▶ _DATA PROVIDED_:
◇ ◇ ◇ ◇ ◇ ◇ ◇
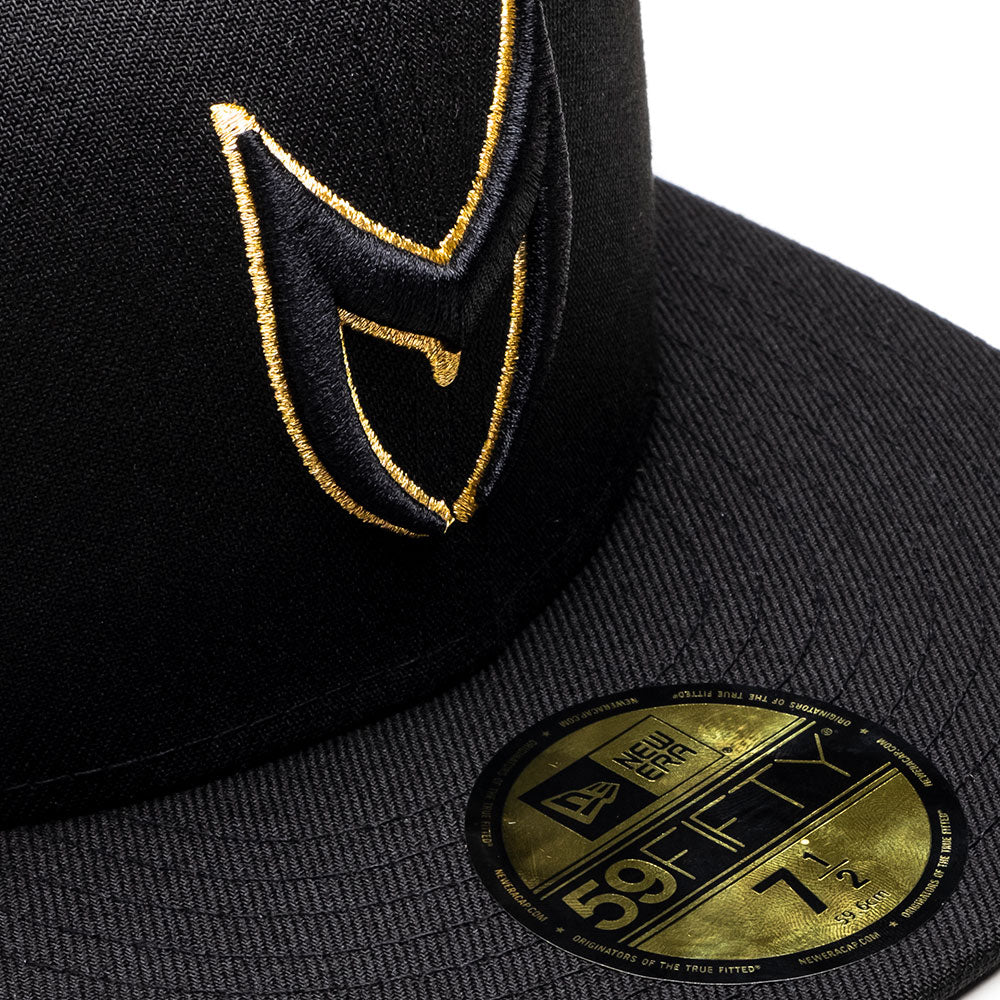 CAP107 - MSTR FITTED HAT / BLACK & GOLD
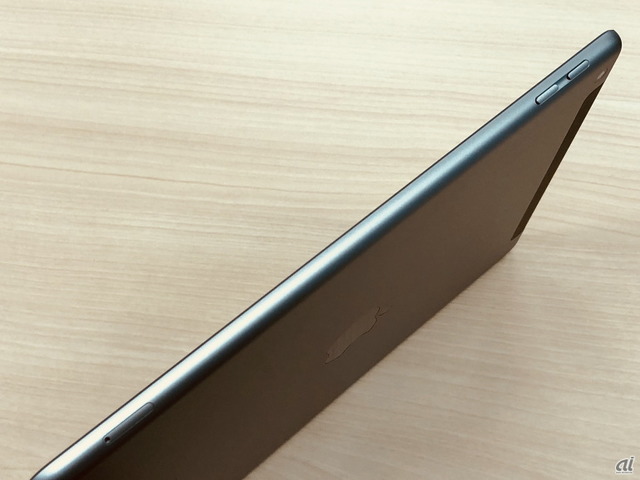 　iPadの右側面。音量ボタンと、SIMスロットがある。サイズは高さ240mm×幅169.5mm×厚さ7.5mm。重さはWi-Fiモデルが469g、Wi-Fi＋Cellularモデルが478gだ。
◇ ◇ ◇ ◇ ◇ ◇ ◇
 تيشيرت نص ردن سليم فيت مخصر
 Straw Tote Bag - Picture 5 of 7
◇ ◇ ◇ ◇ ◇ ◇ ◇
▶ _PROBLEM_: Look above for the line with "CAP107 - MSTR FITTED HAT / BLACK & GOLD" and the line with "iPadの右側面。音量ボタン", then restate exactly those two lines and all lines between them, with no pictures.

▶ _SOLUTION TO THE PROBLEM_:
 CAP107 - MSTR FITTED HAT / BLACK & GOLD
 　iPadの右側面。音量ボタンと、SIMスロットがある。サイズは高さ240mm×幅169.5mm×厚さ7.5mm。重さはWi-Fiモデルが469g、Wi-Fi＋Cellularモデルが478gだ。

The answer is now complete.